On choosing Church leaders

I wonder whether the Crown Nominations Commission should resign en masses, and we should instead choose the next Archbishop of Canterbury in much the same way as the Copts choose their Pope:

Maybe there would be a process of nomination - all General Synod members secretly write down one name, the top twenty go onto the long-list. This would allow the possibility of those not already in the house of bishops to be considered, and General Synod members might be expected to have a sense of what the potential leading candidates are like (!).

Then there would be a vote to produce a short-list. Perhaps all clergy and PCC members in England could have the franchise in this. It ought to be easy enough to organize, rather than a vote of all Anglicans (after all we've no idea who would qualify for that).

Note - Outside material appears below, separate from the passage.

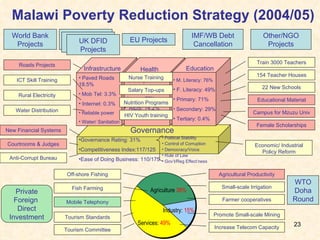 Malawi Poverty Reduction Strategy (2004/05) WTO Doha Round Private Foreign  Direct Investment Governance Infrastructure Paved Roads 18.5% Mob Tel: 3.3%  Internet: 0.3% Reliable power Water/ Sanitation Life expect: 37 Child Mort: 17.8% Immun: 77% AIDS: 14.2% TB: 0.44%  Health Education M. Literacy: 76% F. Literacy: 49% Primary: 71% Secondary: 29% Tertiary: 0.4% Governance Rating: 31% Competitiveness Index:117/125  Ease of Doing Business: 110/175 Political Stability Control of Corruption Democracy/Voice Rule of Law Gov’t/Reg Effect’ness Nurse Training Salary Top-ups Nutrition Programs HIV Youth training ICT Skill Training Rural Electricity Roads Projects Water Distribution Train 3000 Teachers 154 Teacher Houses 22 New Schools Educational Material Campus for Mzuzu Univ Female Scholarships Courtrooms & Judges Anti-Corrupt Bureau New Financial Systems Economic/ Industrial Policy Reform Services:  49% Industry:  15% Agriculture  38% Tourism Standards Agricultural Productivity Tourism Committee Small-scale Irrigation Off-shore Fishing Fish Farming Mobile Telephony Promote Small-scale Mining Increase Telecom Capacity Farmer cooperatives World Bank Projects EU Projects IMF/WB Debt Cancellation Other/NGO Projects UK DFID Projects UK DFID Projects UK DFID Projects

Finally an innocent person chooses one name from the three in the bowl (why not have a Muslim do it, just as the keys to the Church of the Resurrection/Holy Sepulchre in Jerusalem are held by a Muslim family, to stop the Christians arguing over it?).

You see, the thing is that this way God can get directly involved (see Acts 1.20-26). And this would give the poor so...chosen candidate a legitimacy which the current system denies. Something which the Church of England could very well use in settling arguments. Something along the lines of "I know there are legitimate disagreements here, but since God has put me here to give a lead, this is how we're going to go forward."

Anyone disagreeing would have to explain why they thought God wasn't careful enough when the choice was made.